RIZINのニュースター、那須川天心(19)が、新人でボクシングアマ5冠の藤田大和(25)に、壮絶な打ち合いの末、判定勝ちした。1回には左ストレートで“ダウン”を奪うなど、終始攻め続け3-0判定で完勝した。

 ボクシングなら完全なダウンだった。1回、那須川の左ストレートが藤田のアゴをとらえた。キックボクシングの試合と勘違いし、左手を上げて喜びかけたが、あわててパンチで追い打ち。2回、3回と藤田にテークダウンで倒されグラウンドの戦いとなったが、最後まで冷静に対処。試合をコントロールした。

 「総合で初めて5分3回を戦って勉強になった。ボクシングで実績ある選手にパンチで上に立てて自信になりました」と振り返った。高校、大学でアマタイトル5冠の藤田と打ち合い、相手に戦略を変えさせた。RIZINデビュー以来初の判定も、19歳の那須川は、また1つ進化をとげた。

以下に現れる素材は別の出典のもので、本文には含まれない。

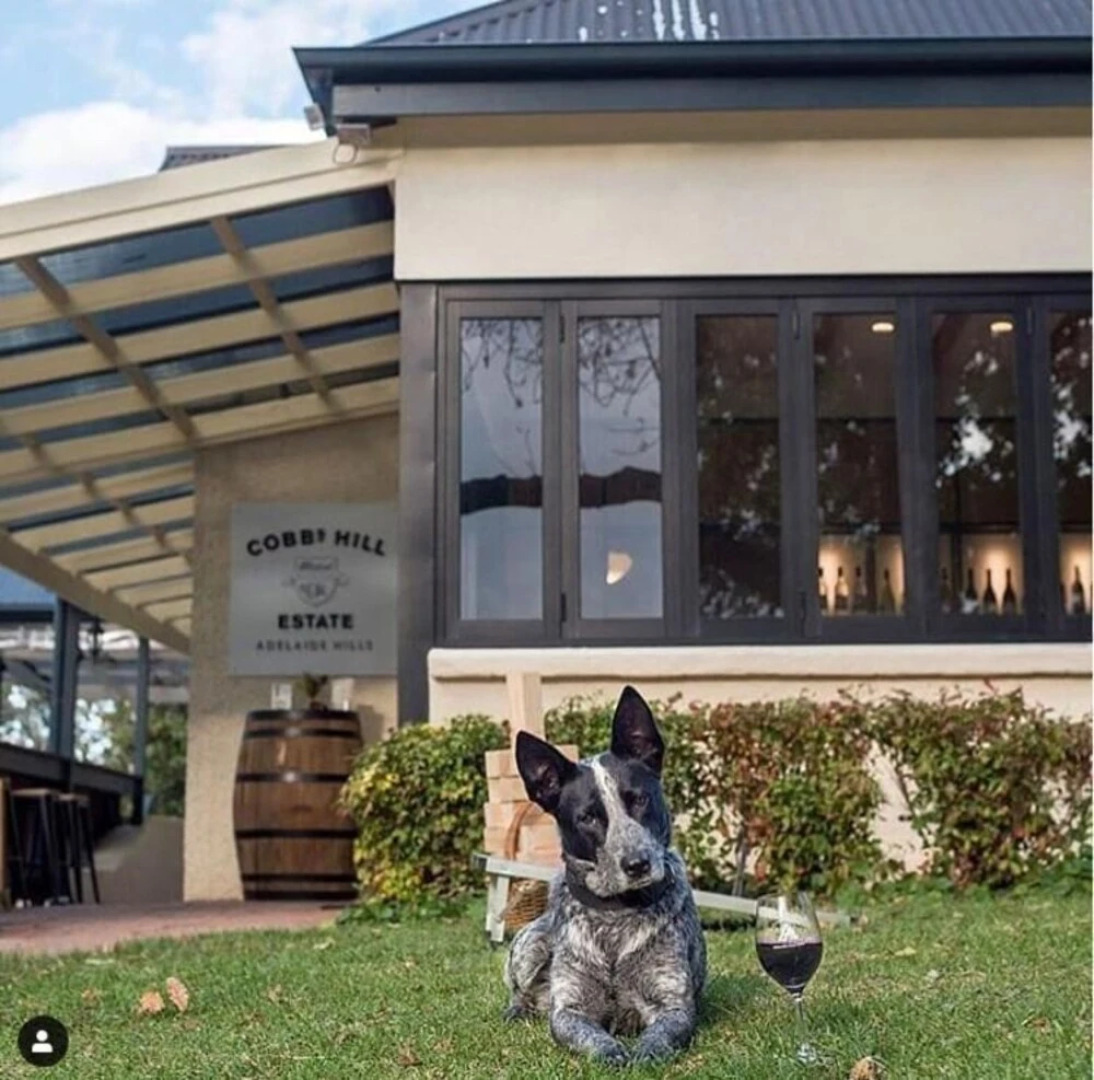 Cobb's Hill Homestead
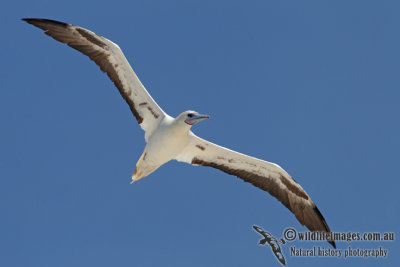 Red-footed Booby 5762.jpg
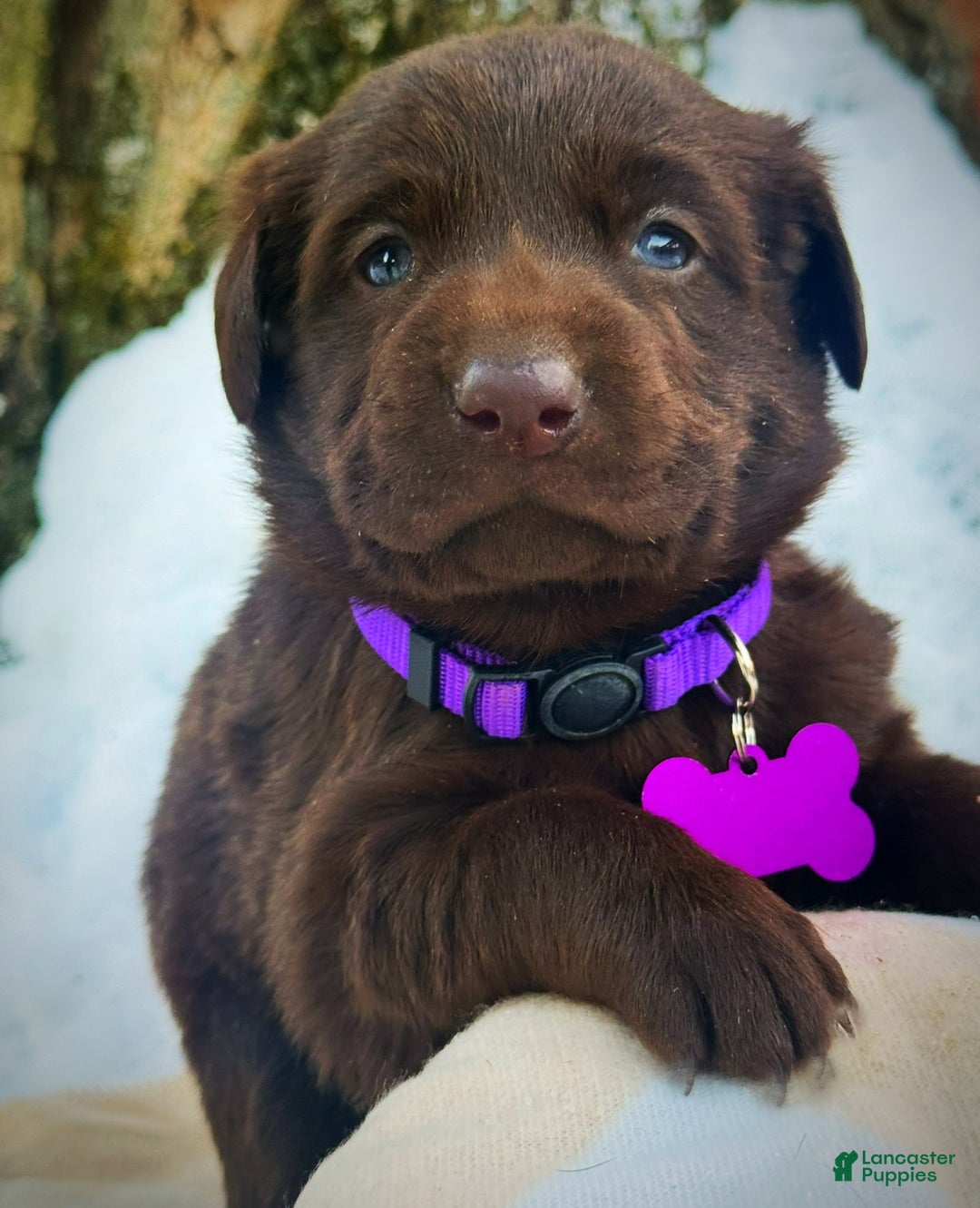 Labrador Retriever dogs for sale: Labrador Retriever Puppy 1 - Ad 9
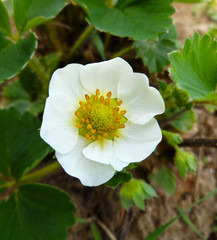Strawberry (Fragaria ananassa) flower close up. White strawberry blossoms, buds, and green leaves in spring.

 昨年12月29日にRIZINで総合格闘技デビューを果たし、これで5戦5勝。KOか一本勝ちでの連勝は4で止まったが、注目度は今やRIZINでNO・1。今回はフジテレビ系で初の地上波生放送となり、大手ゲームメーカーから個人スポンサーも受ける。本年度で高校を卒業し、学校からはスポーツ推薦でどこでも入れると言われたが断った。「スポーツで認められるのは魅力だけど、とにかく通う時間がない」という。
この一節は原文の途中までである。